La Constitución de 1917 ha quedado, se ha dicho hasta el empalago, remendada hasta su desfiguración total. Los cambios constitucionales de la RE dieron ya un nuevo proyecto capitalista al país. Las promesas que vienen con ello son, sobre todo, mayores empleos y ciertos ajustes progresivos en la actual distribución del ingreso, donde la mayor inversión extranjera sea el principal detonante de un ciclo largo de crecimiento.  

El giro social que dio México en 1917 tuvo su apoyo en las masas campesinas y obreras, las clases medias empobrecidas, ocupando un lugar importante -de vanguardia, por supuesto-, los intelectuales progresistas y revolucionarios que levantaron tenazmente la crítica política del orden porfiriano. El giro que ha dado México con las reformas liberales impulsadas por el peñanietismo tienen su exclusivo sustento real en los grandes empresarios nacionales y extranjeros, en el ordenamiento financiero internacional y, por supuesto, en la cúpula política norteamericana. No hay lugar a la confusión: dos giros históricos, dos proyectos nacionales, dos visiones del mundo y la sociedad han quedado frente a frente, perdedor el uno , ganador el otro.

¿Cuál es la herencia que nos dejó la Revolución Mexicana? La más importante y alentador consiste en la esperanza de contar en el futuro con un nación soberana y próspera unida al mundo por compromisos internacionales en condiciones mínimas de respeto diplomático. Eso fue lo que enseñó y demostró el gobierno de Lázaro Cárdenas del Río. Otra, incuestionable y lamentable, fue el autoritarismo político y la corrupción gubernamental que envolvió al desarrollo económico intermitente que se registró entre 1920 y 1982. Qué mejor muestra de uno y de otro son, respectivamente, Díaz Ordaz y Miguel Alemán. No fue casual ni extraño que los movimientos sociales y políticos que surgieron desde 1988  hayan tenido como ejes centrales la democracia y tres de sus elementos  esenciales: legalidad, transparencia y rendición de cuentas.

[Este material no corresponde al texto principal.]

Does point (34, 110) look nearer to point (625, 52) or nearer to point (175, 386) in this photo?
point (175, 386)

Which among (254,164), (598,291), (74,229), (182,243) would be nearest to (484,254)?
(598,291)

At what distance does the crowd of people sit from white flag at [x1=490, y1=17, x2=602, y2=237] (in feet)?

¿Qué puede venir en la etapa siguiente de la integración mexicana al modelo de Norteamérica, incluido Canadá, por supuesto?

Destaco exclusivamente dos cuestiones relevante de la agenda futura.

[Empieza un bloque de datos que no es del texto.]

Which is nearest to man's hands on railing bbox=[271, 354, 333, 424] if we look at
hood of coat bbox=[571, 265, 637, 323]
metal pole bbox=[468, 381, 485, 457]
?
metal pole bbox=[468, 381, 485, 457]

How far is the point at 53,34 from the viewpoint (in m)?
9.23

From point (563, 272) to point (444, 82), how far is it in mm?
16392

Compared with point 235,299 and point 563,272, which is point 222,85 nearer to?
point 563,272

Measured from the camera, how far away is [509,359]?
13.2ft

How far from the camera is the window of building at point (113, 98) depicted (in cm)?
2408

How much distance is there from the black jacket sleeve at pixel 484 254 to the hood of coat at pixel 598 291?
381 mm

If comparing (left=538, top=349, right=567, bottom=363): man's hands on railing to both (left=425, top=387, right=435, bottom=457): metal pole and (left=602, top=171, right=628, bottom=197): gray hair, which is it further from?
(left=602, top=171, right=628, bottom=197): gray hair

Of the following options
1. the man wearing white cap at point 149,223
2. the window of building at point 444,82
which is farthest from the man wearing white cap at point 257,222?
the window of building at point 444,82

El mercado laboral tendrá que ser, tarde o temprano, asumido como un todo en los tres países. La velocidad del ajuste dependerá de las exigencias norteamericanas y canadienses en esta materia, ya que supuestamente les generaría un doble efecto: la penetración de más trabajadores mexicanos en su territorio y la reacción de sus sindicatos frente a este proceso inmigratorio. La regionalización del mercado laboral tendría cambios sin precedente en empleos, salarios y prestaciones. Y en todo ello la respuesta articulada de los trabajadores será determinante en los nuevos equilibrios de este mercado.

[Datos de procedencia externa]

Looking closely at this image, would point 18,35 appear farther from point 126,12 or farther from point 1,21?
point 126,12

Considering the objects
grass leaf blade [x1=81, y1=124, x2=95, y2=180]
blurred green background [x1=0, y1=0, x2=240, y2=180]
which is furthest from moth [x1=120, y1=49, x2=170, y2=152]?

Y un tema menos fácil de entender y prever es el del mercado monetario. La crisis cambiaria mexicana de 1994-1995 fue resuelta, pero las voces empresariales que demandaban la adopción unilateral del dólar norteamericano -para olvidarse por siempre de las devaluaciones traumáticas del peso-, dejaron huella. La amenaza  a la soberanía monetaria del peso se encaró “exitosamente” a costa de una recesión profunda. Pero, en la nueva etapa, la última palabra para decidir la integración monetaria de Norteamérica es previsible que sólo la tendrá Washington. Desaparecer las monedas actuales de los tres países para sustituirla por una nueva, más sólida y estable, después de reciente crisis del euro, no es ni obvia ni atractiva para nadie. Razones y suspicacias abundarán contra este paso adicional en la integración de América del Norte, desde Vancouver hasta  San Cristóbal de las Casas.    

Crecí, igual que millones de mexicanos de mi generación, con los valores y los sueños de los revolucionarios de 1910. Disfruté la cultura nacionalista que nació robusta y optimista con la lucha armada y con la construcción del nuevo orden social y económico que dejó el proyecto cardenista.  Reconozco mis grandes deudas con todo ello para no perder piso al explorar con optimismo el futuro posible. Pero “mañana será otro día”, como dijera Scarlett O'Hara (Vivien Leigh) con valentía y elegancia al final de “Lo que el viento se llevó” (Gone whith the wind).